▶ [Extracted data]
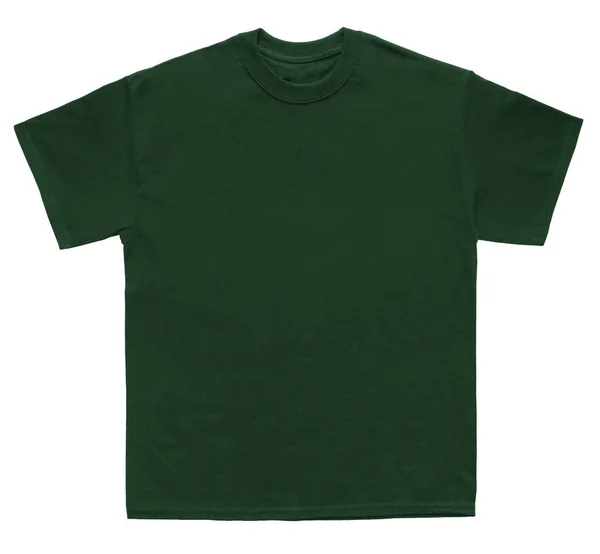 Blank Camisa Cor Floresta Verde Modelo Fundo Branco — Fotografia de Stock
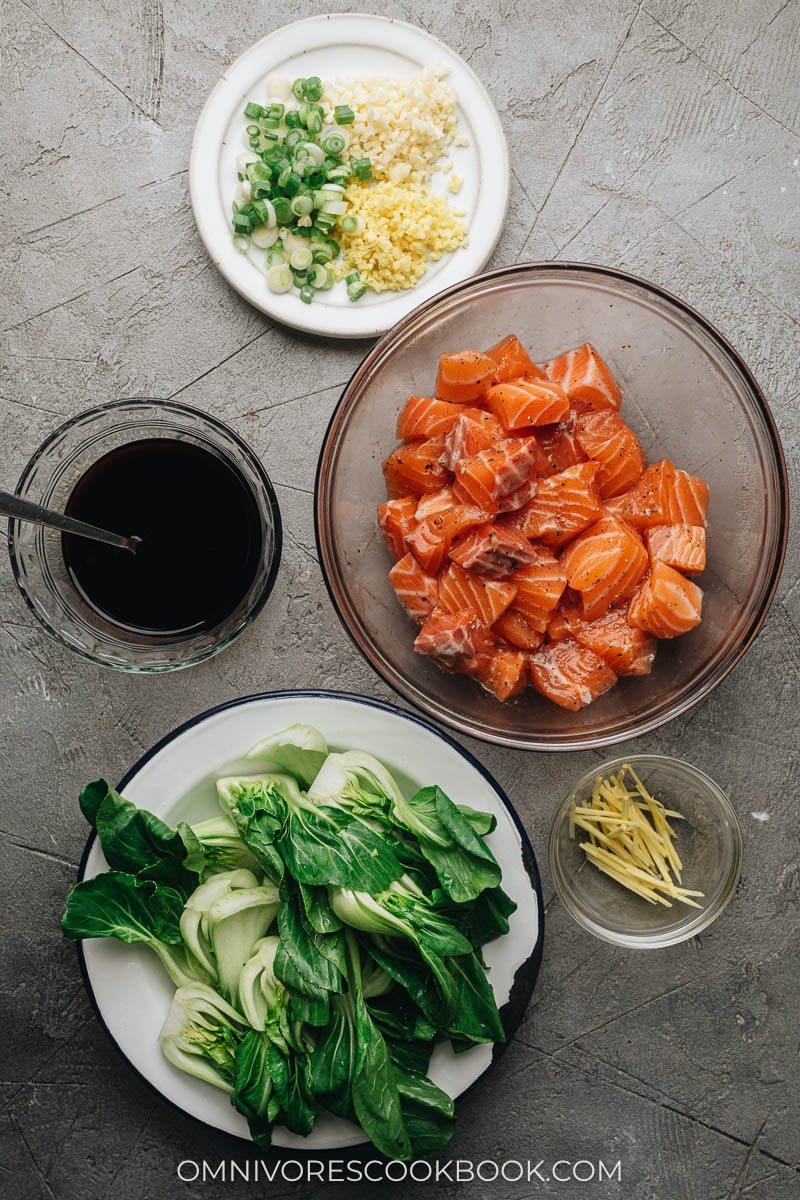 Ingredients for making pan fried salmon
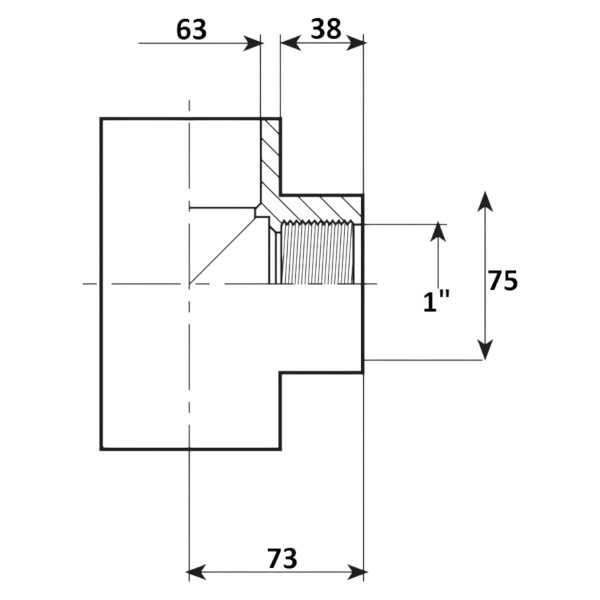 Тройник 90 переход 63мм x 1" ВР Aquaram (45H) (7304063)
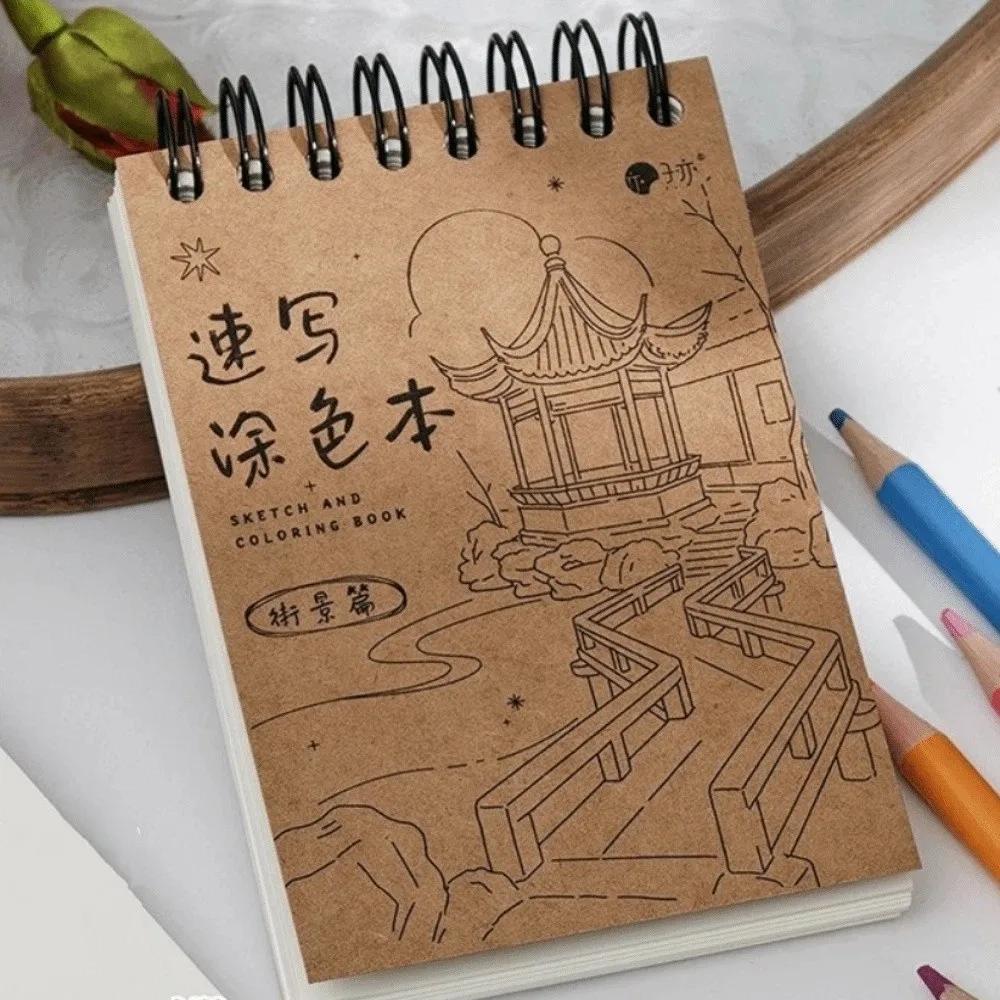 Blank Sketch Vintage Coloring Sketching Book 80 Pages Blank Hand Drawn Book Tracing Line DIY Picture Book DIY Painting view 3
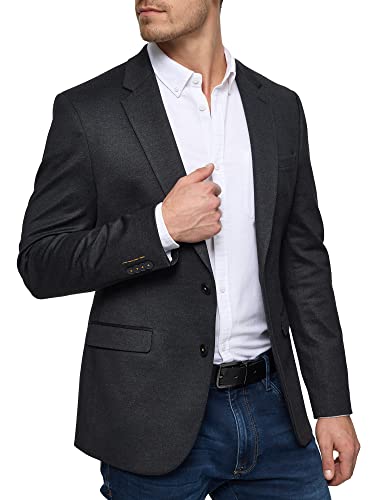 JEFF Herren Oscar Sakko mit Stretch | Anzugjacke Jackett Herrenblazer Fischgrätenmuster oder Kariert Mini Herringbone, 52 von JEFF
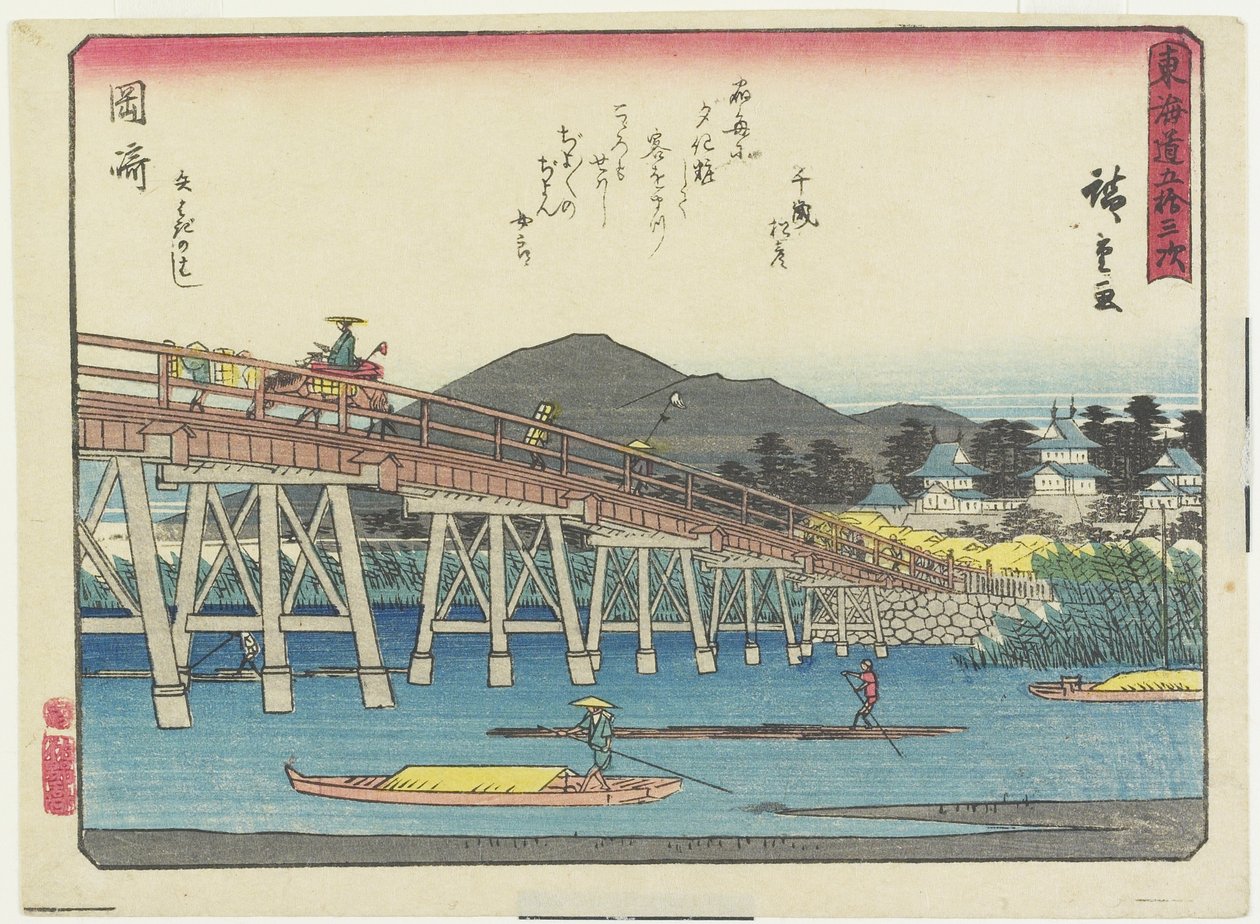Ponte Yahagi a Okazaki, 1837-1844 da Utagawa Hiroshige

▶ [Problem to work on]
Every line above is to be duplicated exactly; no picture should be carried over.

▶ [Output of the task]
 Blank Camisa Cor Floresta Verde Modelo Fundo Branco — Fotografia de Stock
 Ingredients for making pan fried salmon
 Тройник 90 переход 63мм x 1" ВР Aquaram (45H) (7304063)
 Blank Sketch Vintage Coloring Sketching Book 80 Pages Blank Hand Drawn Book Tracing Line DIY Picture Book DIY Painting view 3
 JEFF Herren Oscar Sakko mit Stretch | Anzugjacke Jackett Herrenblazer Fischgrätenmuster oder Kariert Mini Herringbone, 52 von JEFF
Ponte Yahagi a Okazaki, 1837-1844 da Utagawa Hiroshige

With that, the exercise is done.